Die Kolchische Tiefebene erstreckt sich halbbogenförmig bis zur Küste des Schwarzen Meeres. Sie wird flankiert von den Höhenzügen des Surami/Meßchetischen Gebirges. Das Klima in dieser Region ist subtropisch, mit warmen, mitunter auch heißen Sommern, milden Wintern und häufig fallenden Niederschlägen.
In der Vergangenheit waren die Flussniederungen der Kolchischen Tiefebene von Urwald und Sümpfen bedeckt. Daraus wurde in den 20er Jahren des 20. Jahrhunderts eine Agrarlandschaft, als der Rioni und seine Nebenflüsse eingedeicht und die Sümpfe trockengelegt wurden. Hier gedeihen Zitrusfrüchte, Feigen, Walnüsse, Granatäpfel, Aprikosen, Wildpflaumen, Mais, Wein und Tee. Wichtig ist ebenfalls der Weinanbau, der hier ebenerdig in großen Plantagen erfolgen kann und der einen wichtigen Wirtschaftsfaktor darstellt.
Guria
Die Provinz Guria befindet sich an der Küste des Schwarzen Meeres und den größten Teil dieses Gebietes nimmt das Kolcheti- Tal ein. In die Kreise Osurgeti, Tschochatauri und Lantschchuti gliedert sich Guria auf, in denen insgesamt etwa 170.000 Einwohner leben.

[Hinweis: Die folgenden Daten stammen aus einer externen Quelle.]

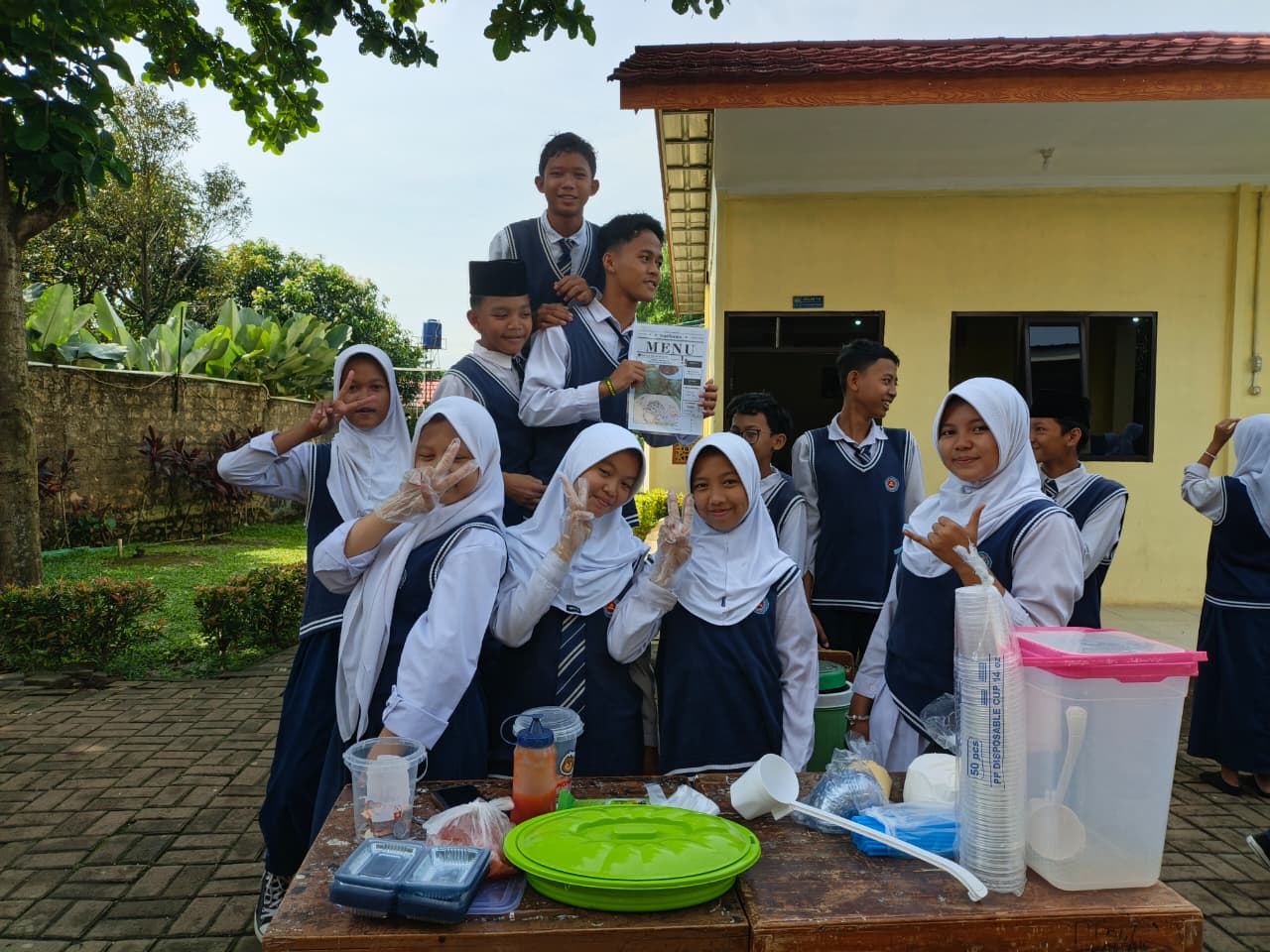 Kewirausahaan Menjadi Salah Satu Program PJBL Melatih Siswa Kelas 9 di SP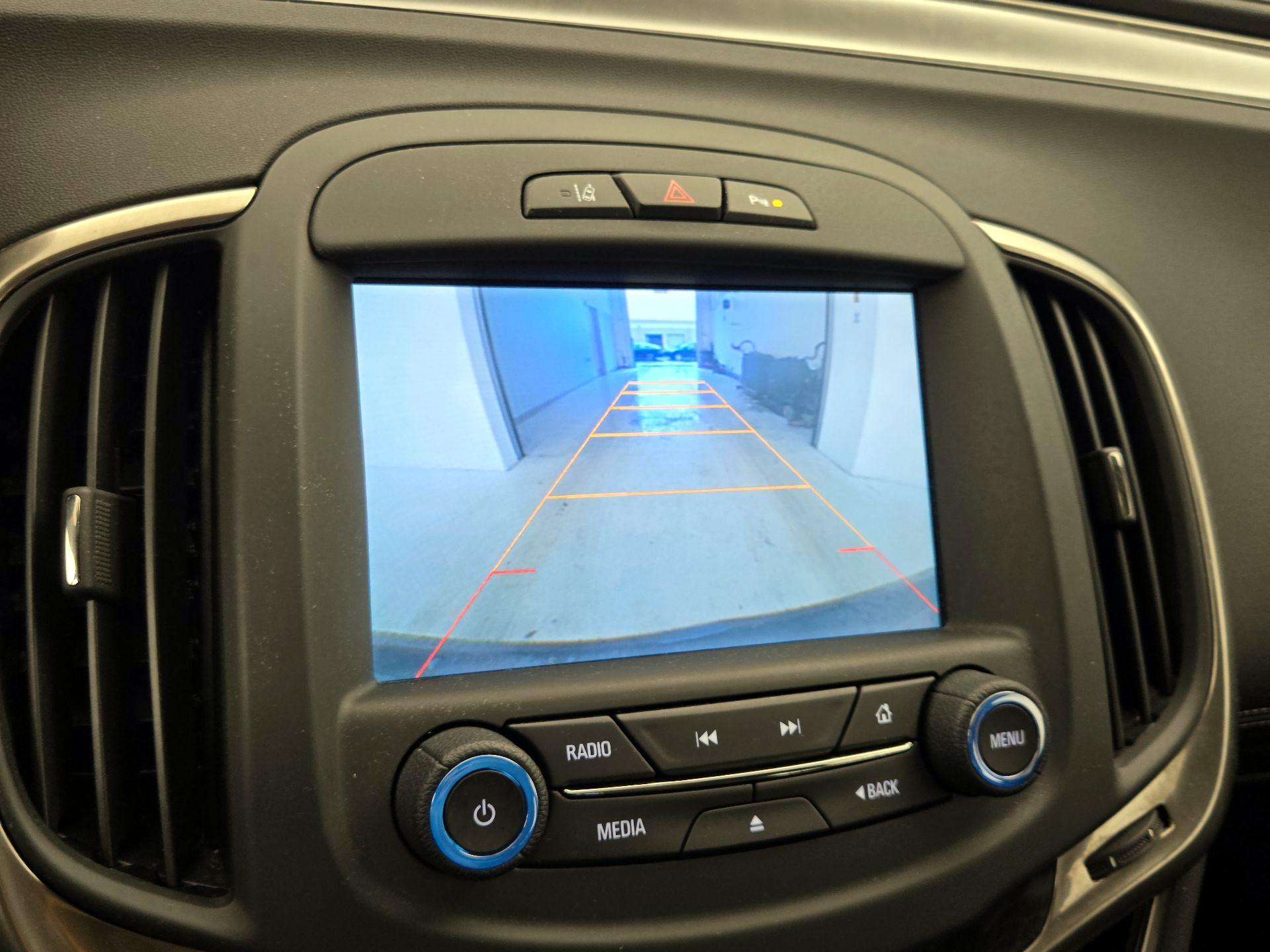 Thumbnail: 2014 Buick LaCrosse - 15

Auf Grund der vorteilhaften geografischen Lage dieser Region sowie des subtropischen Klimas, ist eine enorme landwirtschaftliche Nutzung dieses Gebietes möglich. Hauptsächlich werden Produkte wie Tee, Mais und Zitrusfrüchte aber auch Wein angebaut.
Ungefähr 45 % der gesamten Fläche von Guria ist von Wäldern, von denen manche sogar unter Naturschutz stehen, bedeckt.
Unter Denkmalschutz stehen 200 der Baudenkmäler aus vergangener Zeit, wie in weiteren Teilen des Landes mit seinen rund 4000 historischen Bauten.
Aus dieser Provinz stammen zahlreiche bekannte intellektuelle und künstlerische Persönlichkeiten wie z. B. Alexander Tsutsunava und Victor Dolidze. Weitere berühmte Tänzer, Sänger, Schauspieler und Künstler sind z.B. Nodar Dumbadze, Anna Kalandadse und Nino Ramischwili.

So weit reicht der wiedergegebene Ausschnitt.